** Dataset content **
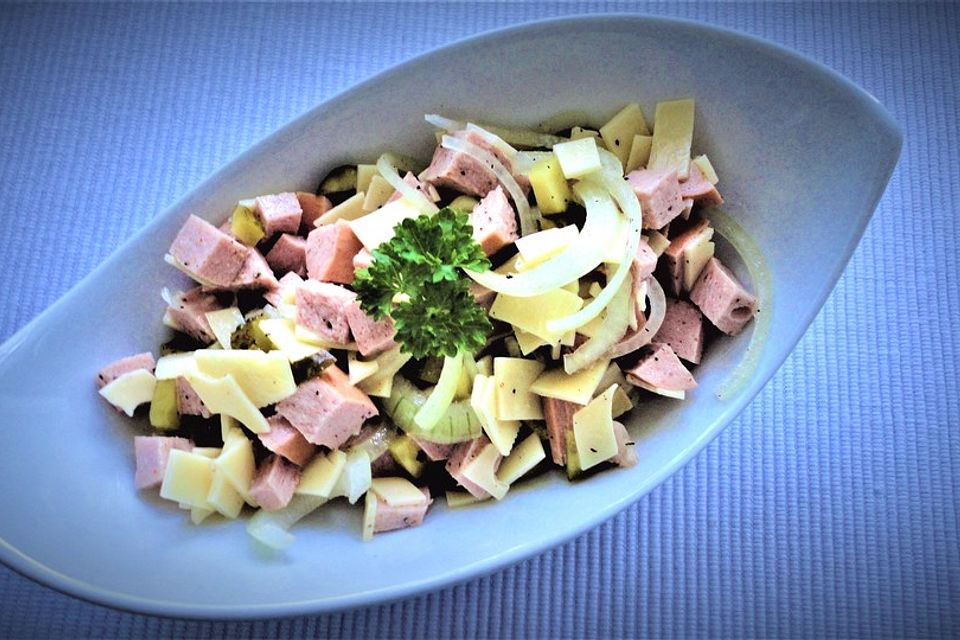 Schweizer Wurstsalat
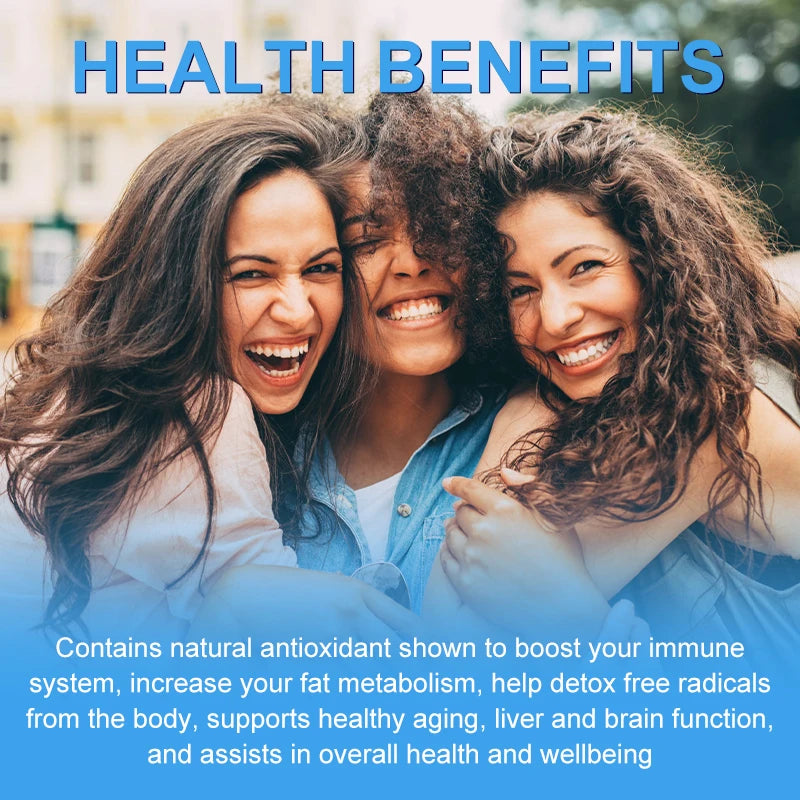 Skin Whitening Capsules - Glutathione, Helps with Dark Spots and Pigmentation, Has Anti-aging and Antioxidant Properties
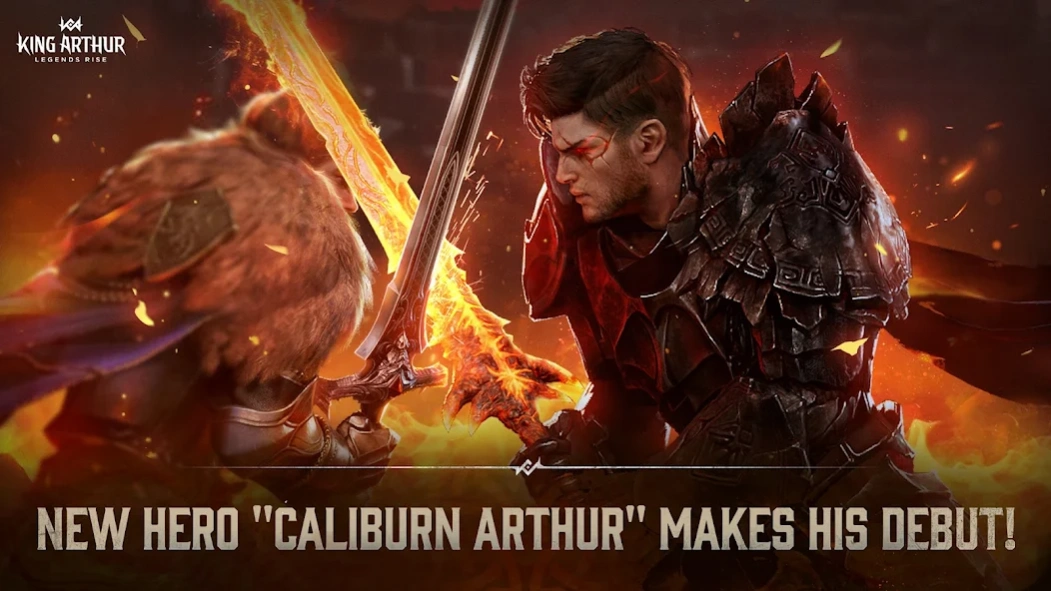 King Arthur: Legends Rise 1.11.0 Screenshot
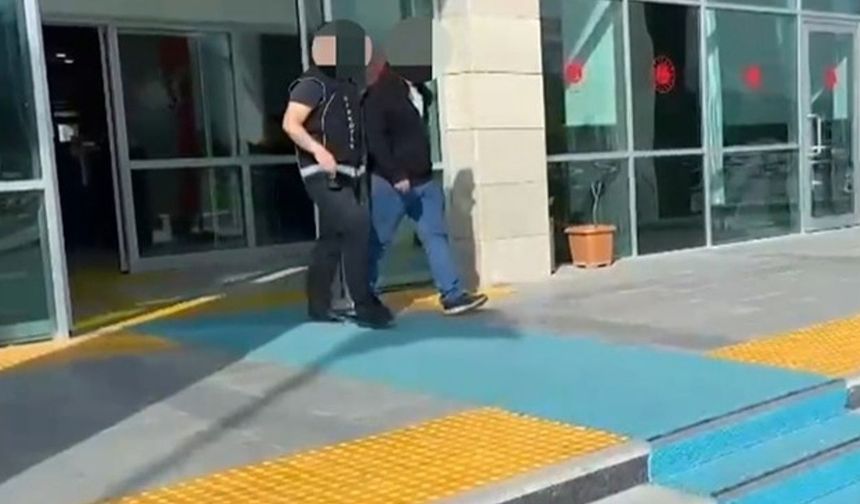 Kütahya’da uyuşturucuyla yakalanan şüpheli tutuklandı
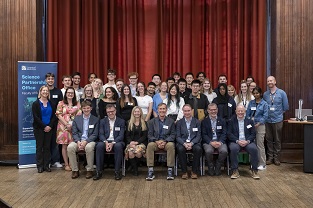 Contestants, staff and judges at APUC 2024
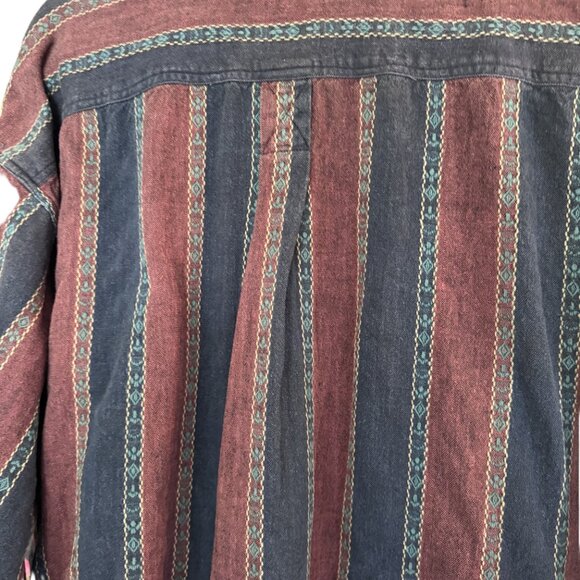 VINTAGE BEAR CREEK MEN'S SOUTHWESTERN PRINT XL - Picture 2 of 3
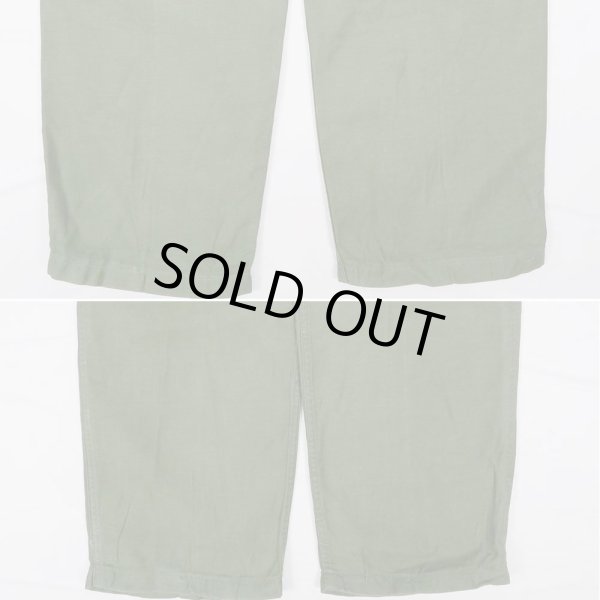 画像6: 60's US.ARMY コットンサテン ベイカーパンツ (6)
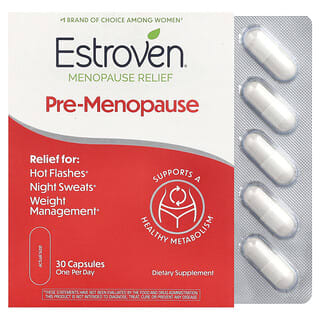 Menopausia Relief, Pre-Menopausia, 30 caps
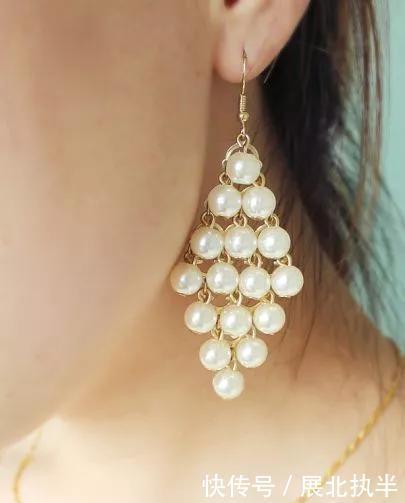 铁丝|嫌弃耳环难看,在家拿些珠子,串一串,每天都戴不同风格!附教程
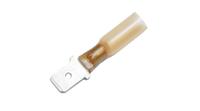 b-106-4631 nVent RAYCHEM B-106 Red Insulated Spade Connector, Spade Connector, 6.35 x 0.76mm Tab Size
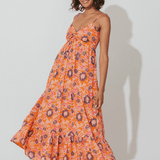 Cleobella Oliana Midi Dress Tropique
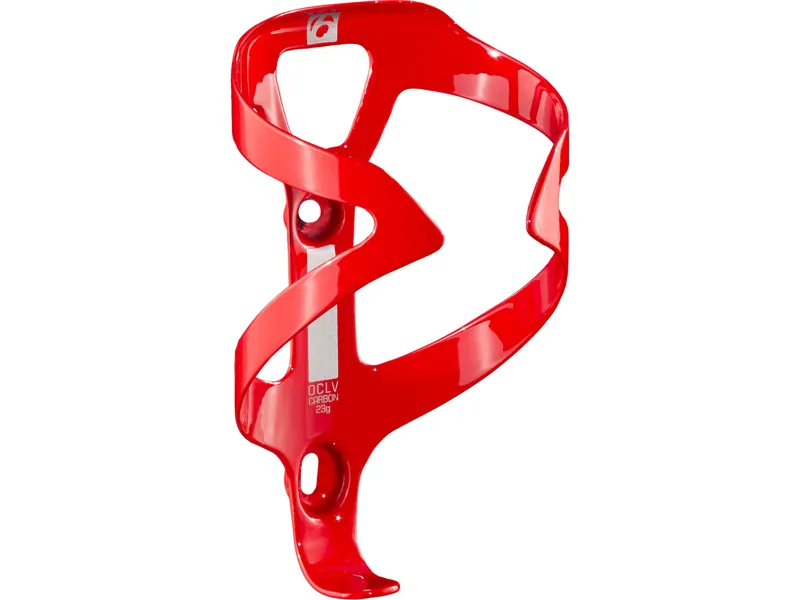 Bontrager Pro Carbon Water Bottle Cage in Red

** Task details **
Could you transcribe every entry exactly, leaving out the pictures?

** Written answer **
 Schweizer Wurstsalat
 Skin Whitening Capsules - Glutathione, Helps with Dark Spots and Pigmentation, Has Anti-aging and Antioxidant Properties
 King Arthur: Legends Rise 1.11.0 Screenshot
 Kütahya’da uyuşturucuyla yakalanan şüpheli tutuklandı
 Contestants, staff and judges at APUC 2024
 VINTAGE BEAR CREEK MEN'S SOUTHWESTERN PRINT XL - Picture 2 of 3
 画像6: 60's US.ARMY コットンサテン ベイカーパンツ (6)
 Menopausia Relief, Pre-Menopausia, 30 caps
 铁丝|嫌弃耳环难看,在家拿些珠子,串一串,每天都戴不同风格!附教程
 b-106-4631 nVent RAYCHEM B-106 Red Insulated Spade Connector, Spade Connector, 6.35 x 0.76mm Tab Size
 Cleobella Oliana Midi Dress Tropique
 Bontrager Pro Carbon Water Bottle Cage in Red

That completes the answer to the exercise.